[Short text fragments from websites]
--- START ---

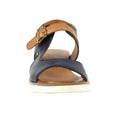 Blue - Close up - Lunar Womens-Ladies Spring Leather Wedge Sandals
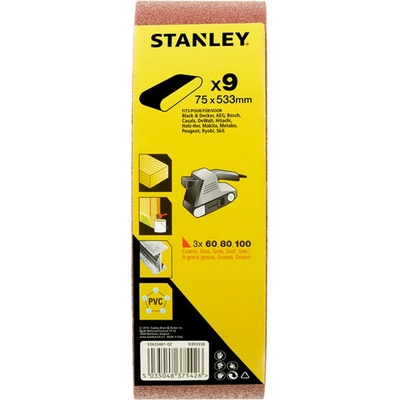 Stanley STA33481 Kartónové balenie, brúsny pás 75x533mm, 3x P60, 3x P80, 3x P100, 9ks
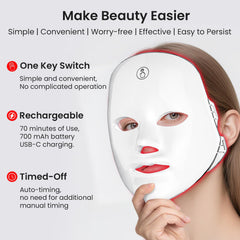 7-Color Facial Light Mask for Home Skincare – Rechargeable LED Beauty Device with 270 LEDs, One-Touch Control & Auto-Timer (Black with Gold Trim)   | Other Colors Available in Store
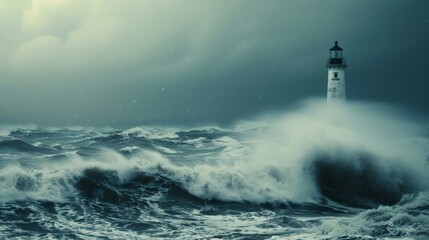 Lighthouse standing tall against a stormy ocean backdrop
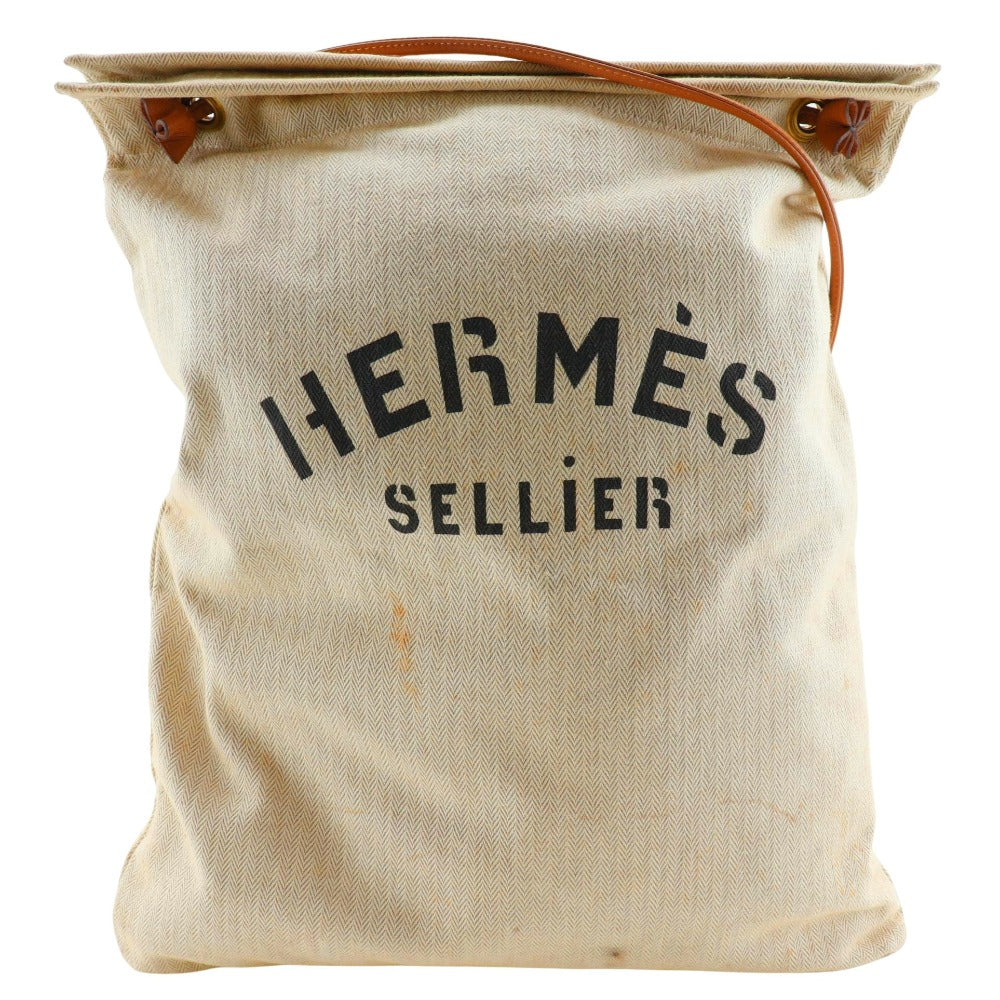 Hermes Shoulder Bag Alain Gm Women Canvas Beige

--- END ---

> [What needs to be done]: Apart from its pictures, the data is to be repeated exactly.

> [Response to the task]:
 Blue - Close up - Lunar Womens-Ladies Spring Leather Wedge Sandals
 Stanley STA33481 Kartónové balenie, brúsny pás 75x533mm, 3x P60, 3x P80, 3x P100, 9ks
 7-Color Facial Light Mask for Home Skincare – Rechargeable LED Beauty Device with 270 LEDs, One-Touch Control & Auto-Timer (Black with Gold Trim)   | Other Colors Available in Store
 Lighthouse standing tall against a stormy ocean backdrop
 Hermes Shoulder Bag Alain Gm Women Canvas Beige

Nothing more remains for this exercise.